(Brooklyn, NY: Primary Information & Ugly Duckling Presse, 2017)
“I’ve been seeing too many artists,” Constance DeJong tells us at the beginning of Modern Love. “I can’t go through life looking at how objects are colored, cut out and arranged. I’m no painter.”
It felt like a living paradox, a wink from page seven as I was just beginning. Modern Love was considered a piece of visual art upon its first publication in 1977 due to elements of the visual art movement it reflected, seen in performances of the text by DeJong around New York City. It was originally written in installments, assembled in booklets by DeJong herself, and mailed to 500 people with the envelopes ordered by zip code. The writing and sending spanned from ’75-’77, and here I was in ‘17, reading inside this historic, artistic feat, “I’m no painter.”

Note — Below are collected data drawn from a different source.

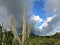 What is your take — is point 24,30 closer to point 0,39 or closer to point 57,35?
point 0,39

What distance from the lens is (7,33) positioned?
30.3m

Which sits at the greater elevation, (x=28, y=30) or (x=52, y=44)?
(x=28, y=30)

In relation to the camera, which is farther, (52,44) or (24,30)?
(52,44)

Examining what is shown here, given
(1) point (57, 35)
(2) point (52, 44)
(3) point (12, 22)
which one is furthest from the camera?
(1) point (57, 35)

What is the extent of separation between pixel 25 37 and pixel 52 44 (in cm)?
Answer: 2711

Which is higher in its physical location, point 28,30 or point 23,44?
point 28,30

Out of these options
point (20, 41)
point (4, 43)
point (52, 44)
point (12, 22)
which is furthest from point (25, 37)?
point (52, 44)

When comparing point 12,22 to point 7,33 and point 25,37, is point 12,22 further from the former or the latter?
point 7,33

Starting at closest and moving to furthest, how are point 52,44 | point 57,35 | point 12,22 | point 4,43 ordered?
1. point 12,22
2. point 4,43
3. point 52,44
4. point 57,35

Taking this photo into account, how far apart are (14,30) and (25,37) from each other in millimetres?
1361

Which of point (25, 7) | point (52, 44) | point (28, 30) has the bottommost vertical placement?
point (52, 44)

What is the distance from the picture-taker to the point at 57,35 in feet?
217

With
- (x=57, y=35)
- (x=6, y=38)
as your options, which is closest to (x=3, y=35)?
(x=6, y=38)

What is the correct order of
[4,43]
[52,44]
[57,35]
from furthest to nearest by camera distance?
[57,35] → [52,44] → [4,43] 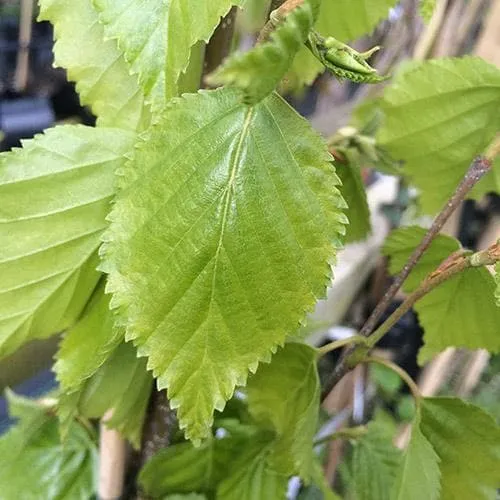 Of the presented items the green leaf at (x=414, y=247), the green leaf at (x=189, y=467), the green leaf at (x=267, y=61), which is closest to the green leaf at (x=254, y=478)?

What DeJong means by “painter” is eclipsed by writing that expands and contracts, falling in on itself as it sings and breathes. We travel to India and Paris, through time and into the past, as DeJong develops a narrative form that is raw in both story and feeling, that doesn’t question its logic, that indeed forms its own sense of logic.

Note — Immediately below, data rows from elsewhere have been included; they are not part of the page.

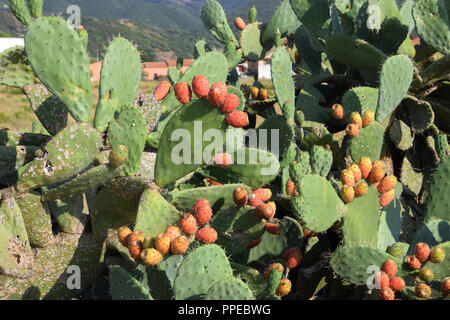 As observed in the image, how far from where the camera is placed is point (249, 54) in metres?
4.53

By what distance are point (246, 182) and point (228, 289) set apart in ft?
2.92

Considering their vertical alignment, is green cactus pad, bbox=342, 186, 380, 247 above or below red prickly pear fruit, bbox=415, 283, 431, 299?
above

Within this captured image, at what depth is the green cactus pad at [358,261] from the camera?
74.9 inches

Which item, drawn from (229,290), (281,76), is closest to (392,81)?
(281,76)

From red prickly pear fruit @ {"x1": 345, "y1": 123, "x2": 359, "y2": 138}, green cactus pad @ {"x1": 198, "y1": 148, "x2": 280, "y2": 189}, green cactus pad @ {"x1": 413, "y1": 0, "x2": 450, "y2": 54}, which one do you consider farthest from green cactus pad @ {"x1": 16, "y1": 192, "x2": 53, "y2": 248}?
green cactus pad @ {"x1": 413, "y1": 0, "x2": 450, "y2": 54}

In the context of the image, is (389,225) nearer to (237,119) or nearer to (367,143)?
(367,143)

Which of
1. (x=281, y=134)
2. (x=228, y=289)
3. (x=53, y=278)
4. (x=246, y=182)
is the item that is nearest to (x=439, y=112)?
(x=281, y=134)

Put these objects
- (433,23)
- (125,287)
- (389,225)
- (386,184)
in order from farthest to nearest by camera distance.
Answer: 1. (433,23)
2. (389,225)
3. (386,184)
4. (125,287)

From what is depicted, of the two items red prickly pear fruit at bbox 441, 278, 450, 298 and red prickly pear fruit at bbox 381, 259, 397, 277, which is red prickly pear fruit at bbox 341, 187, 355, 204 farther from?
red prickly pear fruit at bbox 441, 278, 450, 298

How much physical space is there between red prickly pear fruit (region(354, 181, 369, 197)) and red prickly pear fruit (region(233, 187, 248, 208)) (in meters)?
0.56

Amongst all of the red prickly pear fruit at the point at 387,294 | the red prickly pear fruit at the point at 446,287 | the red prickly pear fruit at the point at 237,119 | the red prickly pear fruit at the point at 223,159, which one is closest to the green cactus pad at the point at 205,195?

Modern Love has been hailed as a contributor to post-modern thought and as an emblem of the artistic movements of the late 70’s. It crosses and obliterates genre, forming its own idea of how to tell a sort of limitless story. DeJong read it aloud at readings and considered it performance, realizing that she had the words memorized as she practiced. She wanted it to exist in the present, rather than as a book written in the past, and to this day, it comes alive on the page – reaching into the mind and wrestling with the senses.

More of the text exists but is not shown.